When we recognise our own sinfulness – the times when we live as people of self-preservation and fear, the times when we live as citizens of Herod’s kingdom – then the grace of God is suddenly all the more precious. Because despite everything, despite our unworthiness and failures, God still came. God still came to live among us to share our struggles and forgive our sins. God decided to rescue us from ourselves. God still came.
What is more, God gave us a glimpse of another sort of Kingdom. A Kingdom where vulnerability is more powerful than might, where a tiny flicker of light will overcome all the darkness of the world, where the ordinary goodness of which humanity is capable will win through in the end.
And at their best our Christmas celebrations give us a glimpse of what that Kingdom might look like – strangers showing kindness, people helping those in need. At Christmas time, people donate to their local foodbank through a sincere desire that every neighbour should have enough to eat. They smile at the weary cashiers in Aldi, or leave out a card for the postie, or thank the bus driver on the number 10 because they see them afresh as fellow human beings, full of divine dignity, and want them to know their work is appreciated. They visit their lonely neighbours and encourage friends who are ill in hospital.

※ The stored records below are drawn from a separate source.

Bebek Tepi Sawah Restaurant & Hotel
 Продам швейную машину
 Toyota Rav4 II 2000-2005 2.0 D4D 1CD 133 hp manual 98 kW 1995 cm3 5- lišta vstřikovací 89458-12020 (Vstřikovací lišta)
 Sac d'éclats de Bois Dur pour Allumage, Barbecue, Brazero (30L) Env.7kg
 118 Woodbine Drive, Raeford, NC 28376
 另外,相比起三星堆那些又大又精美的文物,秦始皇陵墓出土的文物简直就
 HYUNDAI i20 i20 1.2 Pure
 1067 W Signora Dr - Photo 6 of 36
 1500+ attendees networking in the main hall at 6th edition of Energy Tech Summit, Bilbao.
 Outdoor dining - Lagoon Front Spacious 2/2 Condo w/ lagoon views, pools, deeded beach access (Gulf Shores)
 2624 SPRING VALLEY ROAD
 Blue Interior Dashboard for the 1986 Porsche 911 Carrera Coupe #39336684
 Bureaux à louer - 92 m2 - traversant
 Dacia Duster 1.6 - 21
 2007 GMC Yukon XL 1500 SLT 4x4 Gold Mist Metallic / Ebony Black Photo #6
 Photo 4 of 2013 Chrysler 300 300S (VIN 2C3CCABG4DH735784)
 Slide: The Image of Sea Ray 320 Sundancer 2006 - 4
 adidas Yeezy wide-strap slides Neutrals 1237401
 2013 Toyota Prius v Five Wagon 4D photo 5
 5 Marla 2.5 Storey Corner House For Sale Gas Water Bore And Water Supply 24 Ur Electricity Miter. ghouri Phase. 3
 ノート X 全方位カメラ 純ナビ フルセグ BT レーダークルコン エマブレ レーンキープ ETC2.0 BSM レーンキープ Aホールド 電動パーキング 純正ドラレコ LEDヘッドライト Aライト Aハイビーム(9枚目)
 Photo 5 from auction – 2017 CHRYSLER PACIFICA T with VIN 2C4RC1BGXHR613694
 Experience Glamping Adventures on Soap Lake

American essayist Hamilton Wright Mabie once wrote “Blessed is the season which engages the whole world in a conspiracy of love.” Meanwhile, the author who in some ways is Mr Christmas himself, Charles Dickens, wrote this in his novella, A Christmas Carol “But I am sure I have always thought of Christmas time… as a good time: a kind, forgiving, charitable, pleasant time: the only time I know of, in the long calendar of the year, when men and women seem by one consent to open their shut-up hearts freely, and to think of people below them as if they really were fellow-passengers to the grave, and not another race of creatures bound on other journeys.” A conspiracy of love, a time when humankind open their hearts to one another. Christmas, in all its imperfections, gives us a glimpse of that other Kingdom – and we love it!
We love it, because we were not made to live as citizens of Herod’s kingdom. We were made to be children of God. And each Christmas is another invitation to refuse to believe the lie that this is the way the world is, to refuse to believe that a few less children here and there is just the price we have to pay, a few atrocities are just part of the deal. It is a chance to remind ourselves and others that love is worth working for, worth sacrificing for and that ordinary people – with God’s help – can do extraordinary things. This week, we begin a new year and a new decade, let us not leave Christmas behind as we pack away the tinsel and lights; let us not forget Christmas as we begin the January health kick and spring clean. Let us remember the home we find in the Christmas story, when God indeed made God’s home with us – this is our Kingdom, this is the King we serve. May we have the courage and imagination to live the conspiracy of love every season of the year. To the glory of God, Amen!